Assim, se a China pudesse, seria autossuficiente. Mas não pode. Controla apenas 6% da água doce e 9% da terra arável do mundo. Dois fatores agravam este quadro desfavorável para o segundo país mais populoso do mundo: o aumento da procura de carne, que requer mais recursos para ser produzida, e a diminuição das terras aráveis em resultado da rápida urbanização (na última década, a China perdeu 6% das suas terras aráveis, de acordo com estudos recentes).

O produto agrícola de que Pequim mais depende é a soja, cuja produção exige grandes quantidades de água (entre 1.300 e 2.300 toneladas de água por tonelada de soja). A China utiliza esta leguminosa rica em proteínas para produzir óleo de cozinha e tofu. Mas a razão pela qual a China importa dezenas de bilhões de dólares por ano (cerca de 85% de toda a soja que consome, segundo dados oficiais) é para fabricar farinhas e rações para alimentar o seu enorme setor suíno.

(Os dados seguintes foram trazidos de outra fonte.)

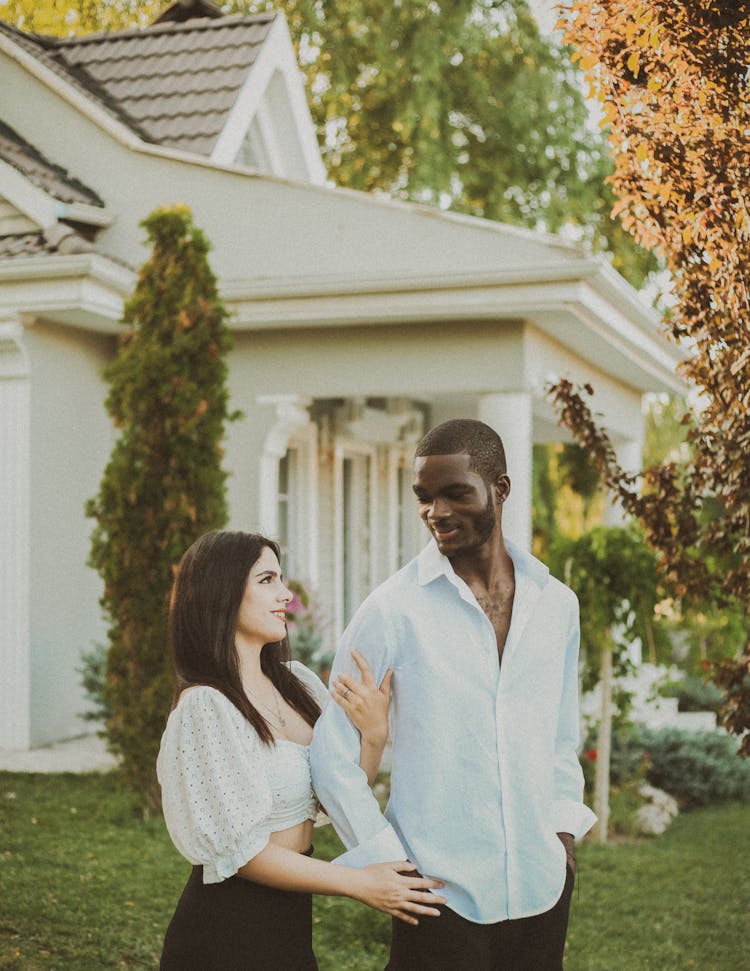 Couple In The Yard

Tudo isto explica por que razão, no ano passado, quase US$ 40 bilhões das compras chinesas do Brasil foram de soja e carne. Esse comércio seria um exemplo de cooperação ganha-ganha, no jargão da diplomacia chinesa, não fosse o fato de não se saber exatamente quanto dessa soja e, principalmente, dessa carne está livre de desmatamento. Uma pesquisa da Trase indica que 230 mil hectares de floresta tropical brasileira estão em risco devido à destruição causada pela demanda chinesa por soja.

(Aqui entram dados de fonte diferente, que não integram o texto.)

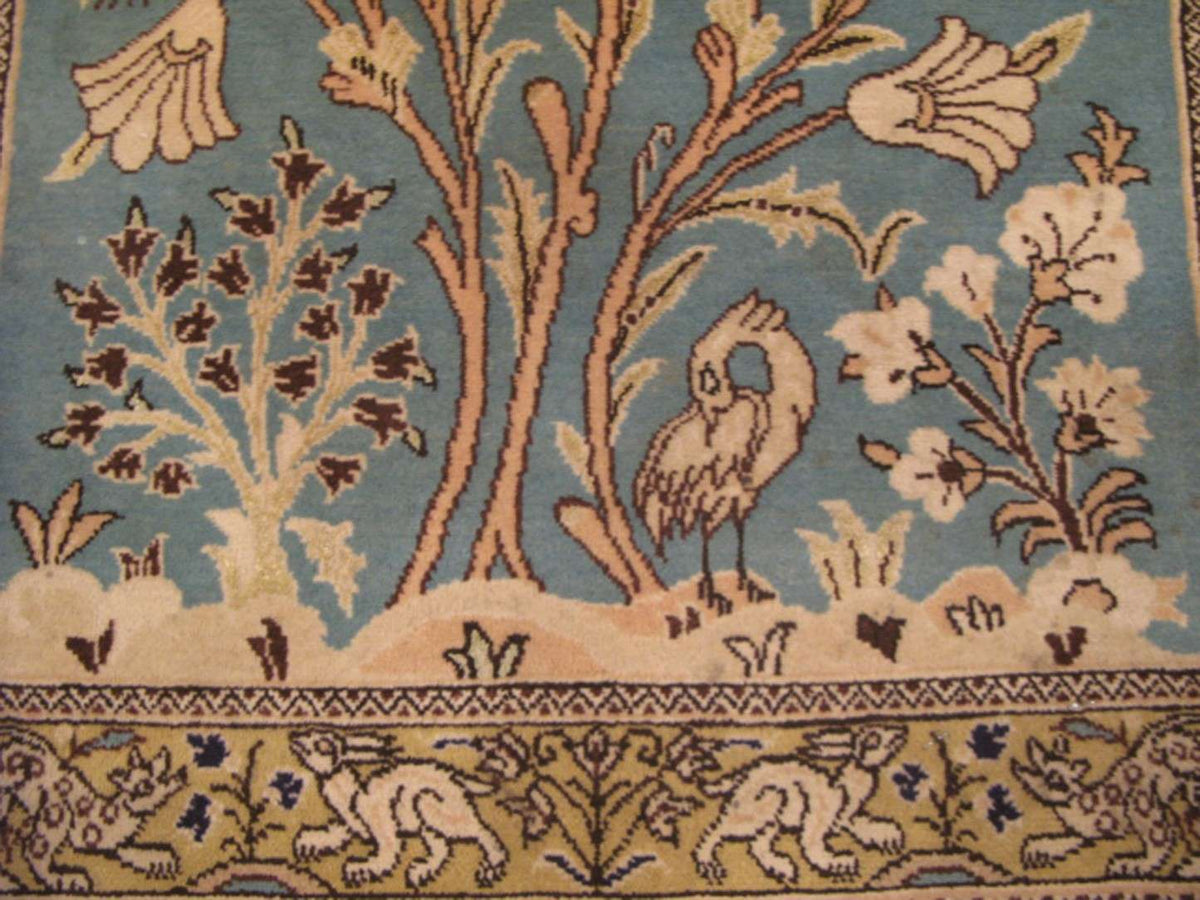 2' 5" x 3' 7" Persian Qum Rug image 4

A situação do setor pecuário é ainda mais preocupante. Estudos mostram que as máfias do gado são responsáveis pela maior parte do desmatamento na Amazônia, que continua em níveis recordes em pleno governo Lula. Isso porque essas máfias, que se dizem meras associações de pecuaristas, apropriam-se de áreas de florestas públicas, derrubam e queimam a floresta, falsificam documentos cadastrais e depois formam pastos para produzir gado.

Esse processo predatório de apropriação ilegal do patrimônio público é conhecido no Brasil como grilagem. Também envolve violência e expulsão de pequenos agricultores e comunidades indígenas. Para aqueles que se opõem a ele, a lei do gatilho aguarda. Não é por acaso que a Amazônia brasileira é a região do planeta onde mais ambientalistas foram exterminados na última década. Segundo a Global Witness, 290 ativistas foram mortos desde 2012 só na Amazônia.

Como maior comprador de commodities amazônicas, as empresas estatais chinesas do agronegócio que operam no terreno para garantir o seu abastecimento de soja podem implementar mecanismos transparentes para garantir a rastreabilidade dos produtos e manter máfias ambientais fora do mercado.

Isto é possível. A UE está pronta para aplicar uma lei que obriga as empresas que vendem no mercado comum a provar que produtos de base como o óleo de palma, a soja e a carne não foram produzidos em terras desmatadas a partir de 2020. Espera-se que os EUA e o Japão sigam o exemplo da Europa e apliquem leis semelhantes.

Xi Jinping deve também pressionar Lula a cumprir a sua promessa eleitoral de erradicar o desmatamento ilegal até 2030. A China também deve contribuir para o Fundo Amazônia, criado por Lula no seu governo anterior para receber fundos para operações dispendiosas de preservação da floresta. A Noruega e a Alemanha já doaram centenas de milhões de dólares, enquanto os EUA e o Reino Unido prometeram, em maio, contribuições futuras de US$ 500 milhões e US$ 100 milhões, respectivamente.

Muitos projetos chineses no exterior apresentam um padrão comum: baixos padrões e más práticas. O seu impacto na Amazônia, onde a China dá prioridade à sua segurança alimentar, é direto e terrível. Por isso, é preciso exigir que Pequim tome medidas.

A alternativa é continuar a ignorar o problema e, por meio de compras maciças, encorajar uma economia criminosa que destrói o ambiente e inflige sofrimento às populações locais. Tal como em muitas outras regiões do mundo, a credibilidade da China está em jogo na Amazônia. O reconhecimento da China como uma potência responsável ou como uma mera autocracia que apenas persegue os seus próprios interesses depende da sua atuação.